Assim, quando alguém comete um ato ilícito, há infração de um dever e a imputação de um resultado. E a consequência do ato ilícito é a obrigação de indenizar, de reparar o dano, nos termos da parte final do artigo 927 do NCCB, in verbis:
“Art. 927. Aquele que, por ato ilícito (arts. 186 e 187), causar dano a outrem, fica obrigado a repará-lo.”
O conceito de ato ilícito, por sua vez, está insculpido no artigo 186 do NCCB, senão vejamos:
Art. 186. Aquele que, por ação ou omissão voluntária, negligência ou imprudência, violar direito e causar dano a outrem, ainda que exclusivamente moral, comete ato ilícito.
Aliada ao ato ilícito praticado pela requerida, por seu preposto, está a quebra da boa-fé objetiva, que reside na conduta leal dos contratantes nos deveres ante e pós contrato. Aliás, é o próprio Código Civil Brasileiro que exige tal boa-fé na formação e cumprimento dos contratos, in textus:
Art. 113. Os negócios jurídicos devem ser interpretados conforme a boa-fé e os usos do lugar de sua celebração.
Art. 187. Também comete ato ilícito o titular de um direito que, ao exercê-lo, excede manifestamente os limites impostos pelo seu fim econômico ou social, pela boa-fé ou pelos bons costumes.
Com efeito, a consequência jurídica do ato ilícito praticado pela requerida é, portanto, o dever de ressarcir os danos que causou à requerente por conta do mal fornecimento de energia elétrica e da quebra da boa-fé.
De mais a mais, dispõe o artigo 932 do NCCB o seguinte:
Art. 932. São também responsáveis pela reparação civil:
(…)
III - o empregador ou comitente, por seus empregados, serviçais e prepostos, no exercício do trabalho que lhes competir, ou em razão dele;
Sobre tal disciplinamento legal, assim disserta o inolvidável jurisconsulto Pablo Stolze Gagliano: “Em nosso entendimento, com a utilização do advérbio “também” no seu caput (Art. 932. São também responsáveis pela reparação civil...) a lei estabeleceu uma forma de solidariedade passiva, oportunizando à vítima exigir a reparação civil diretamente do responsável legal.” (ob. cit. pág. 152).

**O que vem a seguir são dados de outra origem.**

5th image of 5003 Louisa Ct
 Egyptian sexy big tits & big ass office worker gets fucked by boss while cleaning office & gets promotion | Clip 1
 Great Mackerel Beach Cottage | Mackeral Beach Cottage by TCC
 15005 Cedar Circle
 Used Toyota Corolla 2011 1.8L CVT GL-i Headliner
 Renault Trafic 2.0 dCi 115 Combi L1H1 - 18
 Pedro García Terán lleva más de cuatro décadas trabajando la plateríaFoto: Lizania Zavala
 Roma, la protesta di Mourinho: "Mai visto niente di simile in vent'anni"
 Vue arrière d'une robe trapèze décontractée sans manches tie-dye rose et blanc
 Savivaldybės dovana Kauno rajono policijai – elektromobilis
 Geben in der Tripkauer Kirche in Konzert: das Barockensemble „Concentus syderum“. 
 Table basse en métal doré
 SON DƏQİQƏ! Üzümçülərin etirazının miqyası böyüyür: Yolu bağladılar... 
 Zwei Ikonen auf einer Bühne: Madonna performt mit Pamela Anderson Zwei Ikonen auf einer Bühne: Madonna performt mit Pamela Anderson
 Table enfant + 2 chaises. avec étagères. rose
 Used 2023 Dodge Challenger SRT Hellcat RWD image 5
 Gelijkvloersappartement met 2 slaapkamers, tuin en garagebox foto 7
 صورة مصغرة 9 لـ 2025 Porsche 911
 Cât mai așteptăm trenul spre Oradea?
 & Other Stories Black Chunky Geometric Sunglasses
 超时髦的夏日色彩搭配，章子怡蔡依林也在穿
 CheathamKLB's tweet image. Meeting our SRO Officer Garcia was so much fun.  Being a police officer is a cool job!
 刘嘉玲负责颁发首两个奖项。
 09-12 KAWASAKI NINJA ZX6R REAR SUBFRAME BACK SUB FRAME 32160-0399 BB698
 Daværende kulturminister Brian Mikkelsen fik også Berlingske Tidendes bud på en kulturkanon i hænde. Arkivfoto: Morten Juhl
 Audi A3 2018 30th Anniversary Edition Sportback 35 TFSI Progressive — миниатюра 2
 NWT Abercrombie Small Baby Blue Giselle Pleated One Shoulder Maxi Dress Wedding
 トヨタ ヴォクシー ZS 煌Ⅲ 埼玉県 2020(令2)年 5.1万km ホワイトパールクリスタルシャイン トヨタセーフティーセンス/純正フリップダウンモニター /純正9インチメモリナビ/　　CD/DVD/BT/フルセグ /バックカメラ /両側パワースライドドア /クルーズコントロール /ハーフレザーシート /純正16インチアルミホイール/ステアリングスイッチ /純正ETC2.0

“Não se trata de uma novidade no sistema, mas, sim, da consagração da idéia de que se deve propugnar sempre pela mais ampla reparabilidade dos danos causados, não permitindo que aqueles que usufruem dos benefícios da atividade não respondam também pelos danos causados por ela.” (ob. cit. pág. 249).
Portanto, ocorrendo a prestação do serviço de forma a causar dano a outrem, vulnerou-se a aspiração do menos favorecido, como é o caso da requerente, redundando, assim, em FATO DO SERVIÇO, uma vez a consequência extrapolou o serviço em si, afetando direito diverso do próprio contrato de fornecimento de energia elétrica.
Na linha do CDC, como se sabe, a responsabilidade é denominada OBJETIVA, ou seja:
“(...) aquela fundada no risco, sendo irrelevante a conduta culposa ou dolosa do causador do dano, uma vez que bastará a existência do nexo causal entre o prejuízo sofrido pela vítima e a ação do agente para que surja o dever de indenizar.” (Maria Helena Diniz, Dicionário Jurídico, São Paulo, Saraiva, 1998, vol. IV, pág. 181).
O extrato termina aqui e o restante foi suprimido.